(EXERCISE DATA begins)
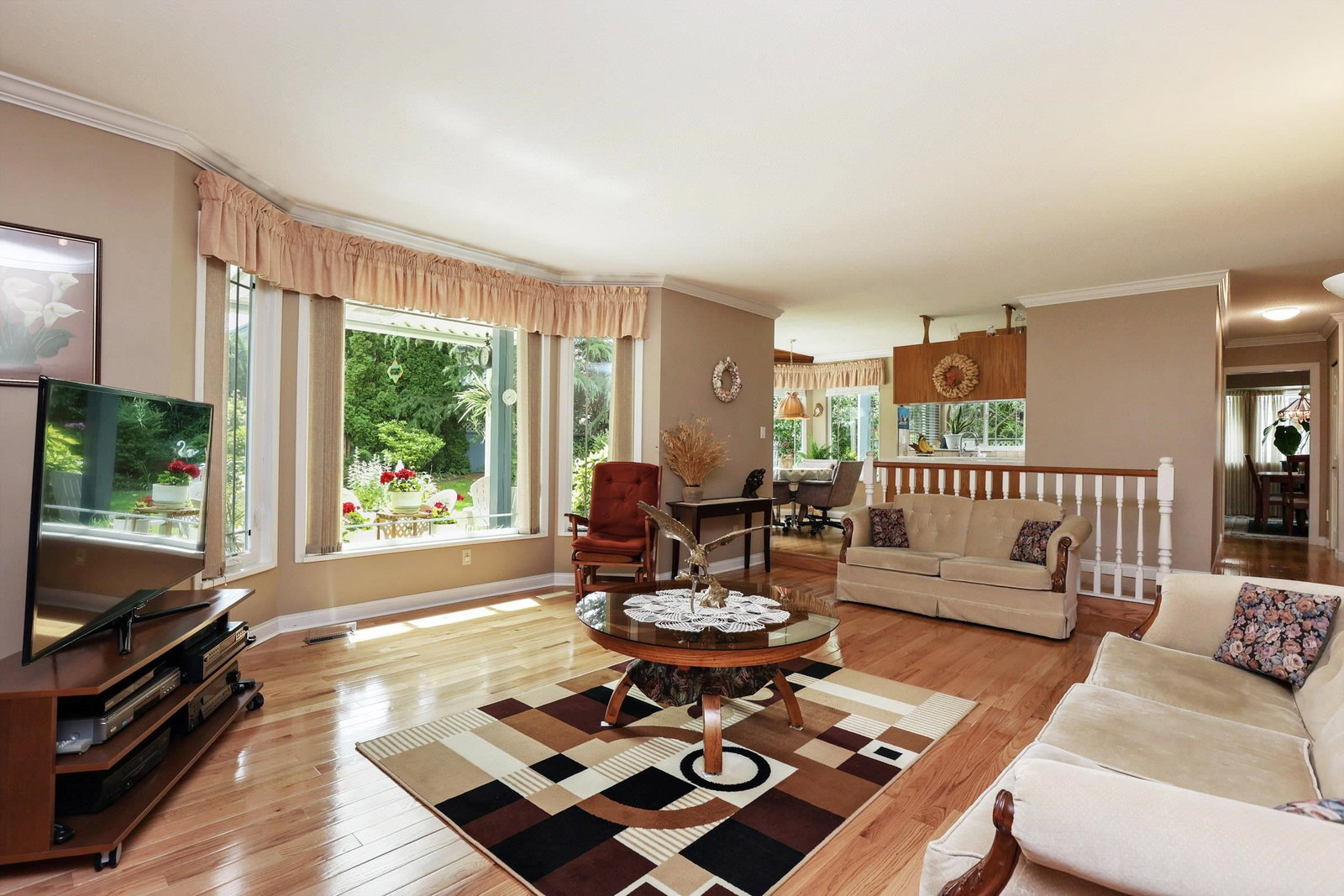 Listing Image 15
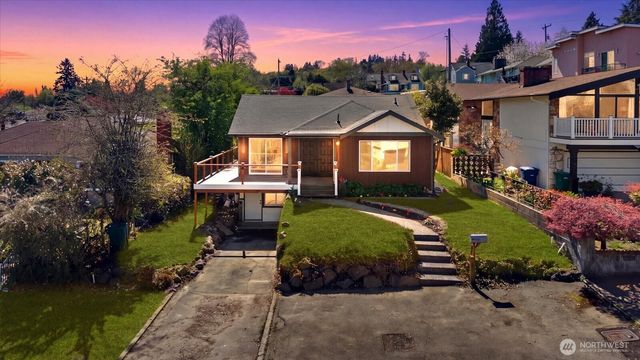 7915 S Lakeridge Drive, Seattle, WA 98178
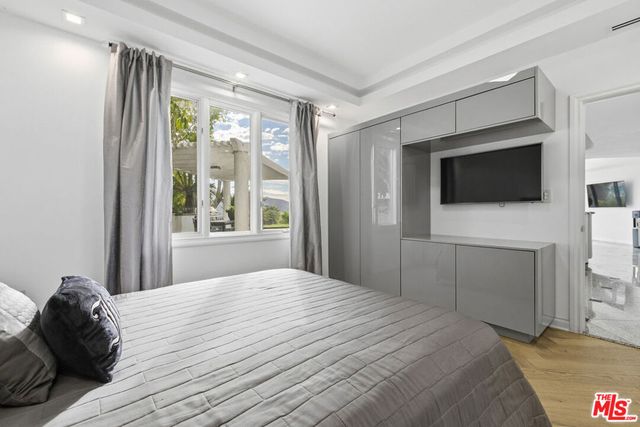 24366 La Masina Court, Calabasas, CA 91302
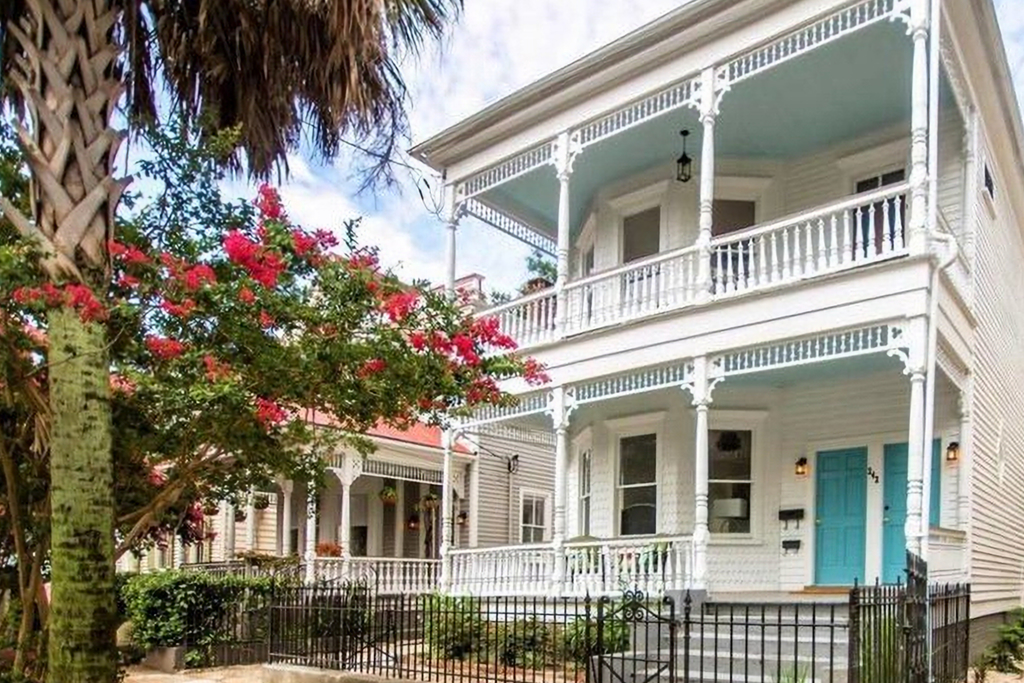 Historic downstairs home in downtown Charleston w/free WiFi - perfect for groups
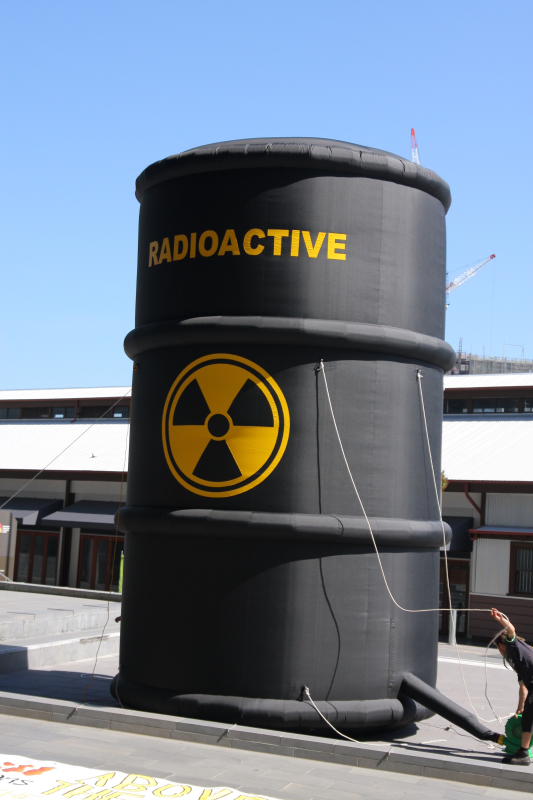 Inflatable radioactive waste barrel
(EXERCISE DATA ends)
Write out everything in the data word for word. Omit each picture.

 Listing Image 15
 7915 S Lakeridge Drive, Seattle, WA 98178
 24366 La Masina Court, Calabasas, CA 91302
 Historic downstairs home in downtown Charleston w/free WiFi - perfect for groups
 Inflatable radioactive waste barrel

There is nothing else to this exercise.